Defect ageing: The number of days a defect is opened. This helps me understand how quickly a fix is being made. You can fetch defect count and ageing data from tracking tools such as JIRA, ServiceNow, or Remedy. I recommend integrating your orchestration tool with JIRA so that even development defects are created automatically on test failure and will be tracked along with the feature story.
Now we have speed and quality introduced in development. But what about the situation on other side of fence? Yes, Ops. One of the objectives of DevOps is breaking the silos between Dev and Ops with shared responsibility, common objectives, use of the same tools and most importantly, collaboration. To achieve this, we need to measure if our processes and automation are reliable, repeatable and consistent with the below metrics.
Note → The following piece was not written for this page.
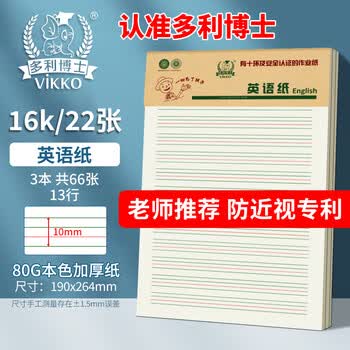 多利博士3本 16K22张英语纸10mm*13行双色英语作业纸初中小学生英语单词记忆本听写纸加厚大本【热卖爆款】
Build pass rate (%): Percentage of successful builds per release.
Deployment pass rate (%): The percentage of successful deployments per release.
Env. provisioning pass rate (%): The percentage of successful environments created per release.
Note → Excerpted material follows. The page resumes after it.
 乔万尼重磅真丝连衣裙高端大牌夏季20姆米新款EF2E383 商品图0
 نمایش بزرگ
Incidents/Deployment: The number of incidents and defects reported for application releases over a period.
MTTR (Mean time to recover): The time it takes to develop a fix and roll it out to production when an incident is reported. Overall time to restore a service when the disruption is due to a defect as a result of deployment.
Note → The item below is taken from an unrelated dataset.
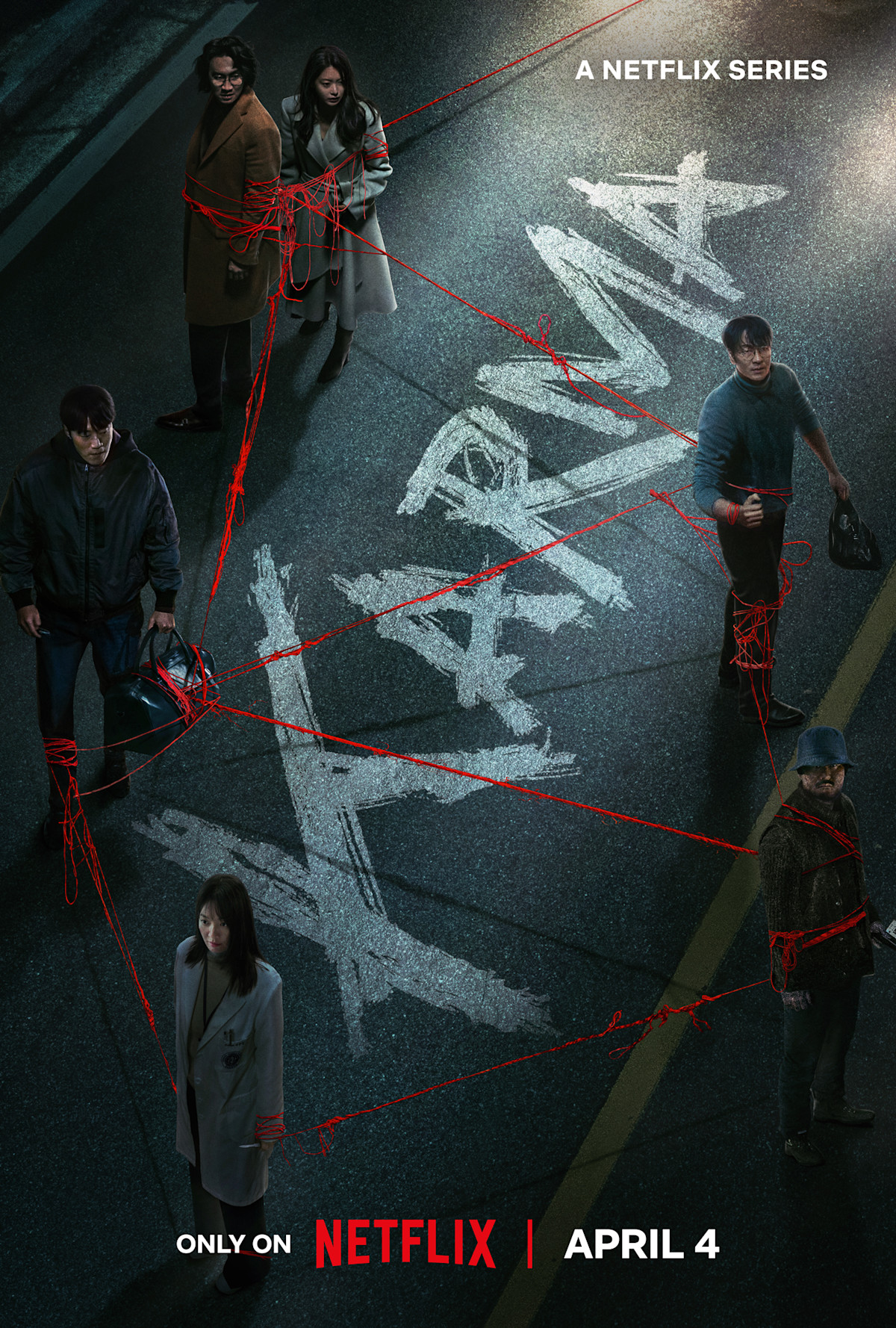 “Karma” Headlined By Shin Min Ah and Park Hae Soo to Plunge into All-In Payback Game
Change success rate (%): The number of changes that successfully went in production.
Hotfixes: The number of incidents for which emergency hot-fixes are performed. You can get the number of hotfixes and total number of incidents from change management tools such as ServiceNow, Remedy, and JIRA.
Deployment downtime (hours): The amount of time that the service is completely unavailable during a deployment helps us understand the cost of deployment over loss of service.
Uptime (availability) (%): The percentage of continuous availability of service over a period. You can get downtime and availability data from your data centers or cloud services such as AWS or Azure.
Once you have focused on the 3 main pillars of delivery, (velocity, quality and stability), then automatically you will gain confidence to push releases in production.
Release readiness metrics
Release confidence (%): During your PI planning and sprint planning, how many teams are confident that they will be able to deliver on time, high quality work without any defect, deployment failure or post prod incidents? Very few, because most of them are not measuring what went wrong last time.
Release confidence % = Average of last 3 releases (Test pass rate + Build pass rate + Deployment pass rate + Env provisioning pass rate + Code quality pass rate + Change success rate)
Release cycle time: Time from check-in to deployment, i.e. when new code starts development to when it successfully gets deployed into production. Cycle time is an important indicator of an efficient process. Lean tools such value stream mapping is applied to identify waste removal, automation needs in release cycle time.
Release frequency: How frequently you are releasing your changes in production.
Release days remaining: The number of days remaining for release.
Release (%) completed: The number of story points completed for release.
Release size (story points): The total number of story points per release.
End to end traceability (%): The percentage of requirements linked with tests. To achieve end to end traceability, requirements should be linked with test cases. I also recommend integrating requirements in JIRA with ongoing development by Jenkins, GIT, and SonarQube pushing updates to JIRA. You can easily get the above release related metrics from tracking tools such as JIRA.
If you want to drive your DevOps journey in the right direction, start focusing on the above precise set of DevOps metrics and measures. Collect them using the tools mentioned and push it to an analytics platform such as a Splunk, Athena, or BI reporting tool to generate useful dashboards. Once you start measuring these, you can immediately identify bottlenecks coming your way to match business pace. In turn, you will foster a culture of continuous improvement.